2026-06-02infra

Media storage moved from Cloudinary to Cloudflare R2

  • Change: Replaced Cloudinary as the image/music blob store with a Cloudflare R2 bucket (personal-media, binding personal_media). Uploads now stream through the Worker: add-form.tsx POSTs each file to a new admin-gated app/api/upload/route.ts, which writes to R2 via the binding (env.personal_media.put) and returns the object's public r2.dev URL (R2_PUBLIC_URL). The old app/api/sign-upload route (Cloudinary signed direct-upload) was deleted. Image resize/format is now handled by the Cloudflare Images binding: app/image-loader.ts rewrites next/image sources to app/api/img/route.ts, which fetches the source over its public URL and transforms it via env.IMAGES.input(...).output({ format: "image/webp" }). The Images binding only exists in the Workers runtime, so the route catches the getCloudflareContext() failure outside it (same pattern as lib/db.ts) and streams the original bytes untransformed under next dev. Audio is served as the raw r2.dev URL. A bucket CORS policy (r2-cors.json, GET/HEAD from *) is required so the browser can fetch() audio bytes cross-origin for waveform decoding (waveform-seekbar.tsx) — Cloudinary sent permissive CORS headers automatically, a fresh R2 bucket does not. Stored posts.image_url / posts.music_url remain plain strings, so the DB schema is unchanged and legacy Cloudinary URLs still resolve (loader/transform route fall back to fetch).
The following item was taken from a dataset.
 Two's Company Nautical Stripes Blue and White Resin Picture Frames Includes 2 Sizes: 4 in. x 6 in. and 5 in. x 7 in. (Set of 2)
  • Why: Consolidate media on the same Cloudflare account the app already runs on (Workers + Hyperdrive + Images binding), remove the external Cloudinary dependency and its credentials, and use native bindings instead of a third-party signed-upload flow.
  • Affected Modules: wrangler.jsonc, cloudflare-env.d.ts, app/api/upload/route.ts (new), app/api/img/route.ts (new), app/api/sign-upload/route.ts (deleted), app/add/add-form.tsx, app/image-loader.ts, .dev.vars, .env
  • Trade-offs:
    • Pro: One vendor for compute + storage + image transforms; no Cloudinary account/keys; uploads and transforms use first-class Worker bindings; r2.dev needs zero domain setup.
    • Con: Uploads and image transforms now pass through the Worker (CPU + body-size limits) instead of being offloaded to a SaaS CDN; the r2.dev public URL is rate-limited and not intended for high-traffic production (swap to a custom domain later if needed); a one-time bucket-provisioning + public-access step is required.